Administrative considerations may explain several exemptions. Relatively great expense and inconvenience of collection may justify the exemption from taxation of domestic employers, farmers, and family businesses, not likely to maintain adequate employment records, which are an important aid in the collection and verification of the tax. The state may reasonably waive the formality of taxing, itself or its political subdivisions. Fear of constitutional restrictions, and a wholesome respect for the proper policy of another sovereign, would explain exemption of the United States, and of the interstate railways, compare Packer Corp. v. Utah, supra, 109. In no case do appellees sustain the burden which rests upon them of showing that there are no differences, between the exempt employers and the industrial employers who are taxed, sufficient to justify differences in taxation.
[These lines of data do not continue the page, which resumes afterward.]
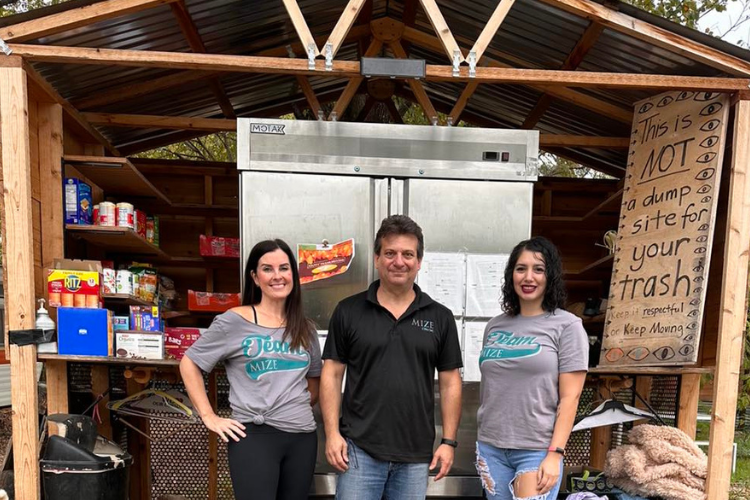 The Austin team, two women and one man, filling a local Blessing Box.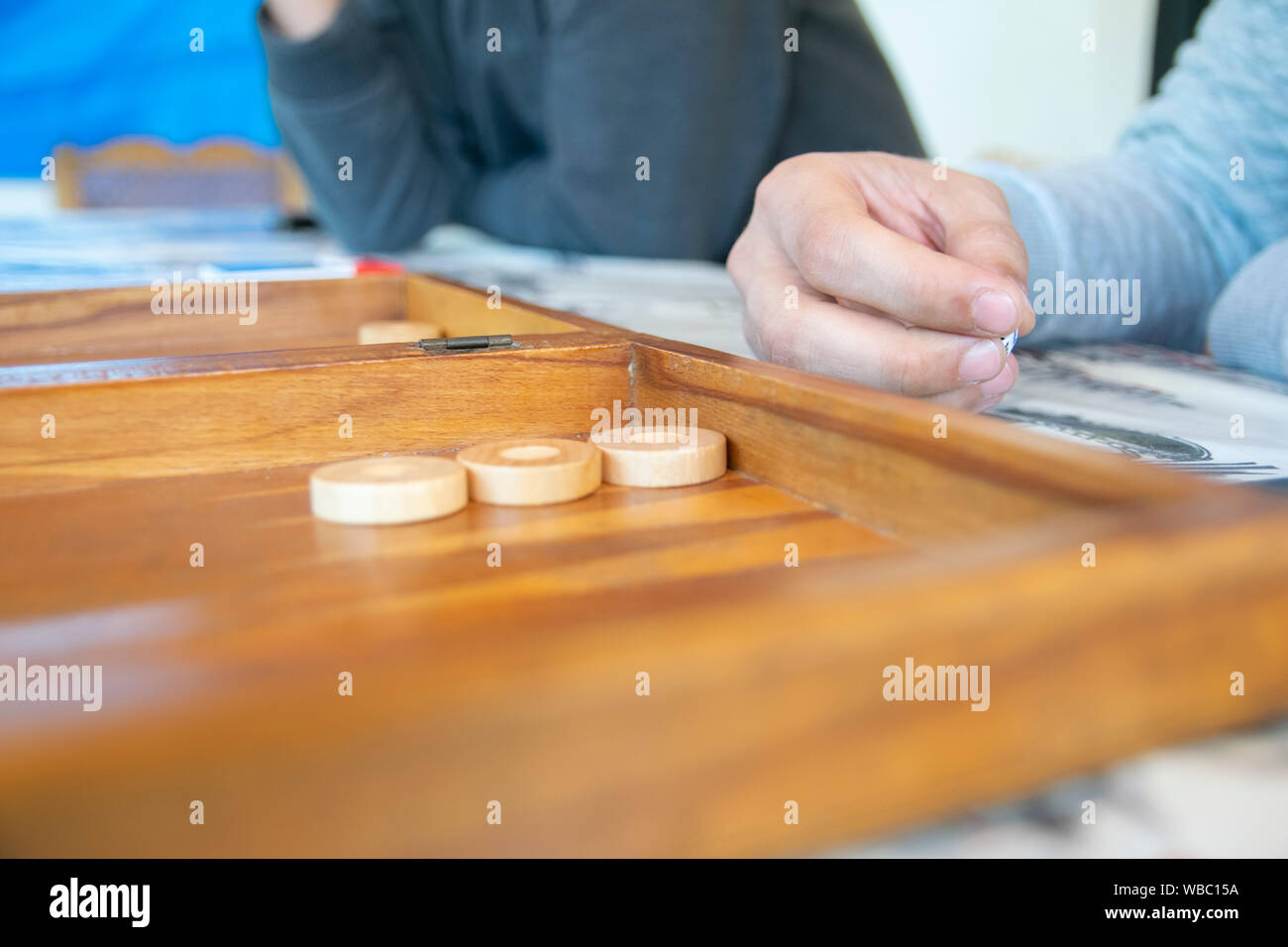 Man holding dice in hand Stock Photo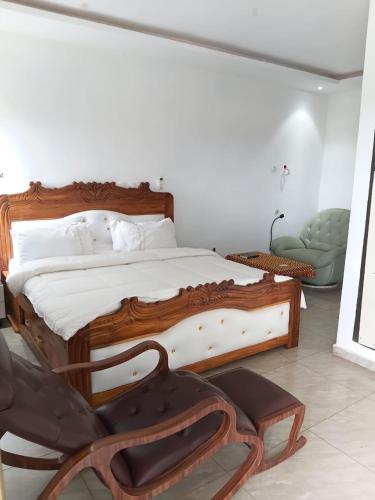 a bedroom with a wooden bed and a chair at Résidences Hôtel Nanga & Restaurant in Korhogo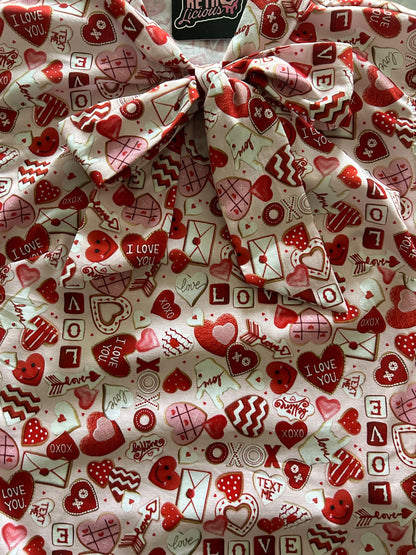 a close up of our xoxo bow top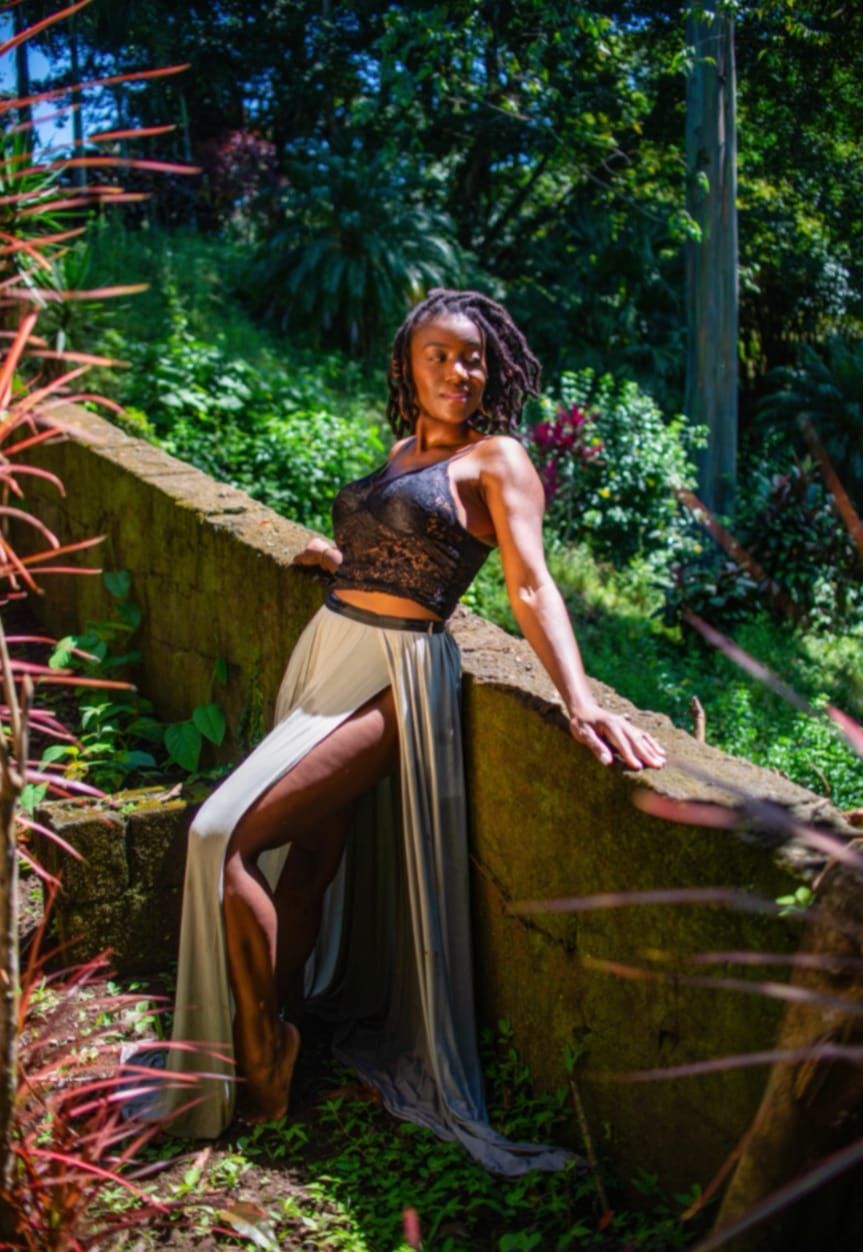 Amber Wood posing on a stone wall in a lush garden, wearing a black top and flowing beige skirt.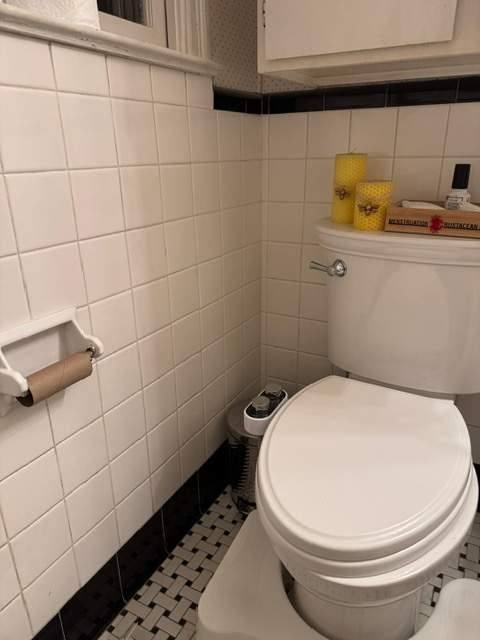 Original tiled bathroom with dated vanity before remodeling in Cayce, SC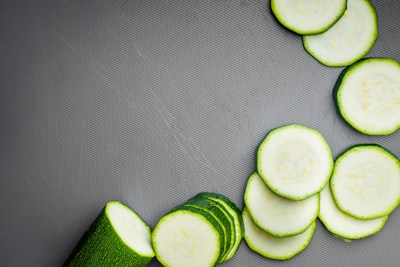sliced cucumber on gray textile produce zoom background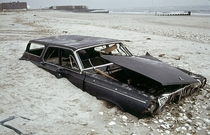 A half-buried early-s Dodge Polara station wagon on the beach in Queens New York  Photograph by Andy Blair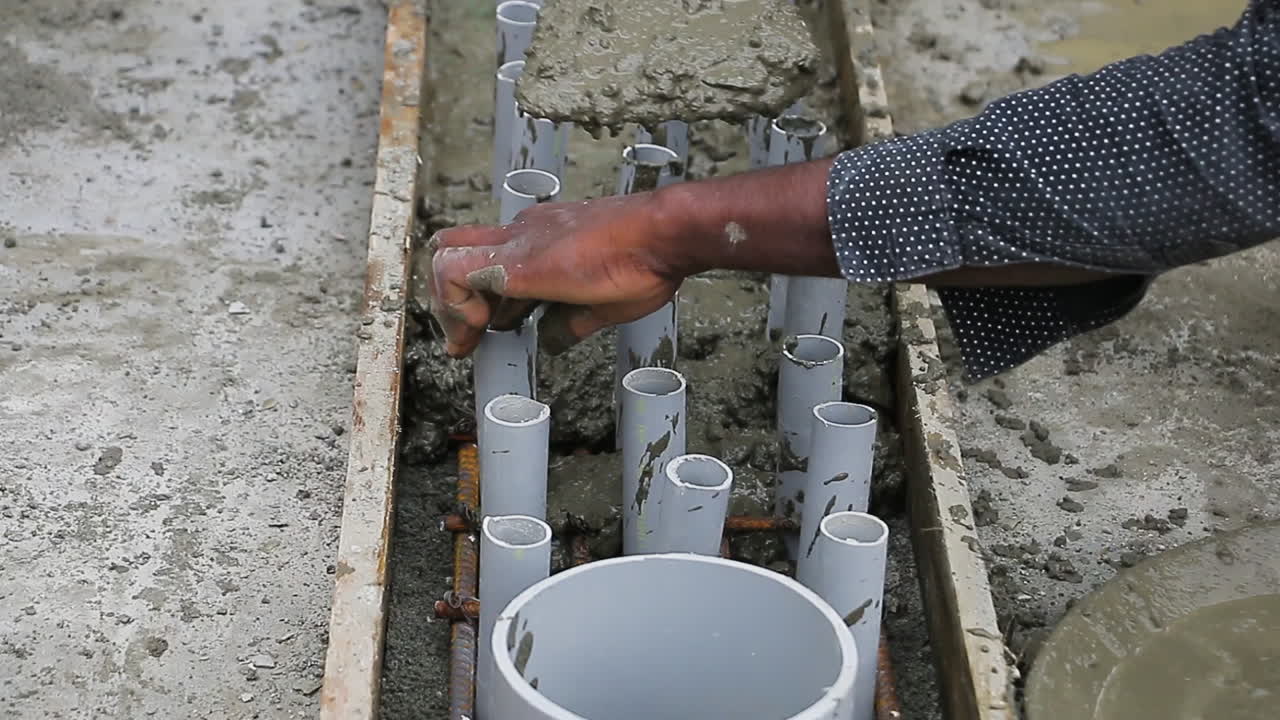 Indian mason worker placing concrete wet mix around pipes to level a slab for construction work.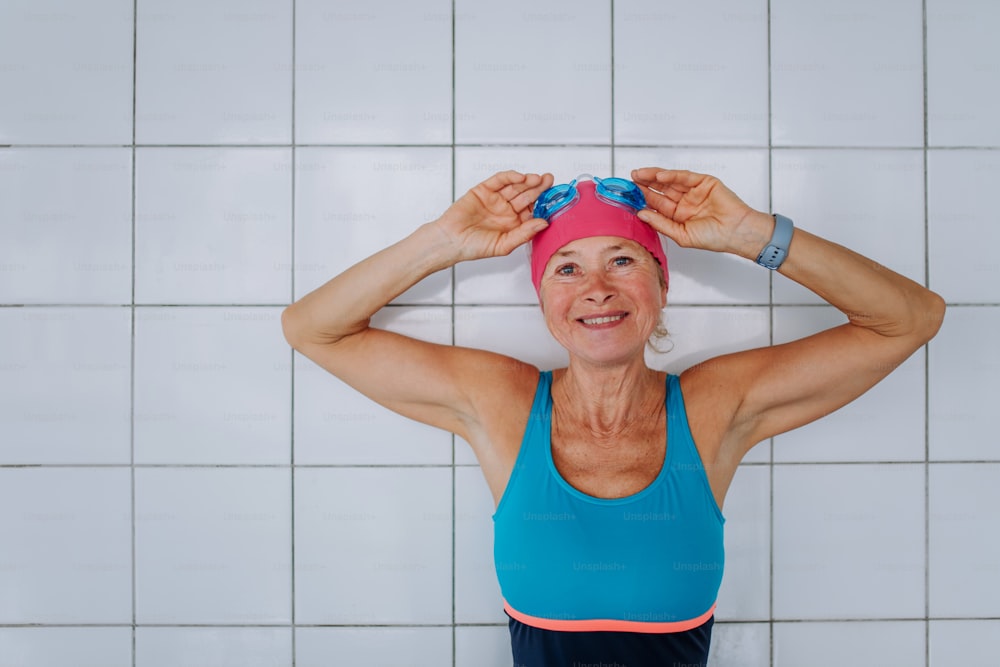 An active senior swimmer woman standing against white tiles wall in swimming pool, looking at camera.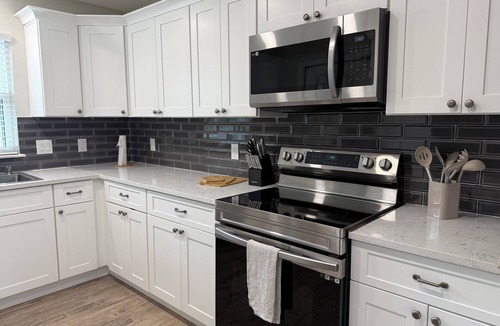 Lumberton House | Charming Newly Renovated 2BR Farmhouse on 1 acre with Covered Parking and Wi-Fi.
(c) Tax on Employees. Appellees extend their attack on the statute from the tax imposed on them as employers to the tax imposed on employees. But they cannot object to a tax which they are not asked to pay, at least if it is separable, as we think it is, from the tax they must pay. The statute contains the usual separability clause. 19. The taxation of employees is not prerequisite to enjoyment of the benefits of the Social Security Act. The collection and expenditure of the tax on employers do not depend upon taxing the employees, and we find nothing in the language of the statute or its application to suggest that the tax on employees is so essential to the operation of the statute as to restrict the effect of the separability clause. Distinct taxes imposed by a single statute are not to be deemed inseparable unless that conclusion is unavoidable. See Field v. Clark, 143 U. S. 649, 697; No. 614, Sonzinsky v. United States, March 29, 1937.
From what has been said, it is plain that the tax qua tax conforms to constitutional requirements, and that our inquiry as to its validity would end at this point if the proceeds of the tax were to be covered into the state treasury, and thus made subject to appropriation by the legislature.
Second. Validity of the Tax as Determined by Its Purposes. The devotion of the tax to the purposes specified by the Act requires our consideration of the objections pressed upon us that the tax is invalid because the purposes are invalid, and because the methods chosen for their execution transgress constitutional limitations. It is not denied that since the adoption of the Fourteenth Amendment state taxing power can be exerted only to effect a public purpose and does not embrace the raising of revenue for private purposes. See Green v. Frazier, 253 U. S. 233, 238; Milheim v. Moffat Tunnel Dist., 262 U. S. 710, 717; Fallbrook Irrigation Dist. v. Bradley, 164 U. S. 112,158; Jones v. City of Portland, 245 U. S. 217, 221. The states, by their constitutions and laws, may set their own limits upon their spending power, see Loan Association v. Topeka, 20 Wall. 655; cf. Parkersburg v. Brown, 106 U. S. 487; Cole v. LaGrange, 113 U. S. 1, but the requirements of due process leave free scope for the exercise of a wide legislative discretion in determining what expenditures will serve the public interest.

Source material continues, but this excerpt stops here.